Theater set designer and printmaker James Blanding Sloan was born in Texas on September 18, 1886, to Alexander Colvin Sloan and Henrietta Blanding. He grew up in Corsicana, Texas, where he received his early education and began acting in local theater. After his elementary years he studied at Austin College and in 1910 he enrolled at the Chicago Academy of Fine Arts (now the School of the Art Institute of Chicago). He would later become a teacher of color composition there. He shared a studio with printmaker B.J.O. Nordfelt and discovered color etching through George Senseney. In 1914 he participated in his first exhibition with the Chicago Society of Etchers.
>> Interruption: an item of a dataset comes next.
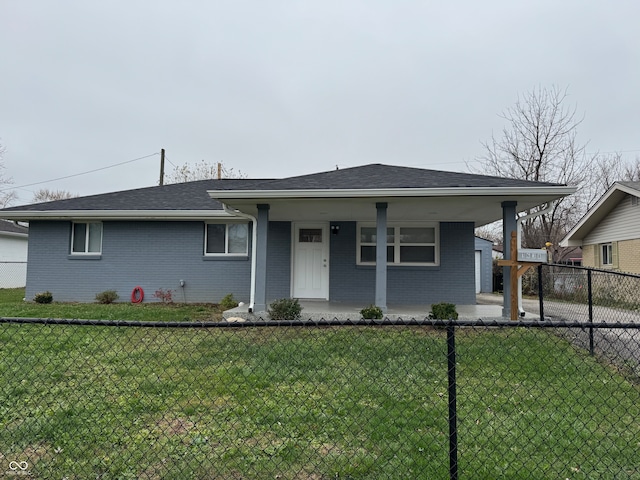 ranch-style house with a porch and a front yard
Sloan's secondary interest remained in theater and throughout the 1910s he helped organize the Players Workshop in Chicago, producing scripts by Ben Hecht, Alice Gerstenberg and Max Bodenheim. He incorporated themes of politicial activism into his various endeavors and, as the U.S. began to enter the first World War, Sloan was arrested while posting flyers encouraging young men to protest the draft through conscientious objection.
Sloan relocated to New York in 1918 to design stage sets for Florence Ziegfeld's Ziegfeld Follies, as well as Earl Carrol and John Murrary Anderson. Meanwhile, he continued to exhibit his prints, gaining widespread acclaim for his etchings and blockprints. In 1923 Sloan left New York with Mildred Taylor, his second wife, intending to drive across the U.S. and embark on a trip to Asia. However, due to Sloan's ailing health, when they arrived in San Francisco they opted to remain and established a studio on Polk Street. This proved to be a prolific time for the artist, whose work greatly reflected his interest in questioning establishment. In addition to fine art on paper and canvas--gaining such a positive reaction that catalogue raisonné of his work was published in 1926--Sloan continued with his theatrical pursuits, establishing a puppet theater for adults that featured critical commentary on religion, sex, and politics, and and opening a movie theater that ran foreign films banned elsewhere.
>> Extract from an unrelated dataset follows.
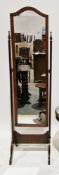 Early 20th century mahogany framed cheval mirror with domed top, the supports with carved finials,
Meanwhile, Sloan had established a second studio in Carmel-By-The-Sea, where he taught summer classes in etching, theater design, and painting through the University of California Extension Division. In 1929 he and Mildred founded Carmel's first international film festival, their first screening being The Light of Asia, a film about the life of Buddha performed by an all-Indian cast. In the early 1930's they moved to Hollywood where Sloan continued his fine art and theater work, as well as taking on a job with Disney. and in 1938 was hired as Regional Theater Director for the Deferal Theater Project. He left this post in 1940 to work as supervisor to the National Youth Administration for the American Southwest. After this period he co-produced films with his protegee, Wah Chang, in their company East West Films. Included in their productions was an interview with legenday singer Leadbelly and a film about nuclear disarmament, funded by the Lutheran Church. This led to his dismissal from Disney.
James Blanding Sloan died on October 5, 1975 in Canyon, Alameda County CA. His wake was allegedly attended by a diverse crowd that included businessmen and politicians to Hells Angels and Hippies.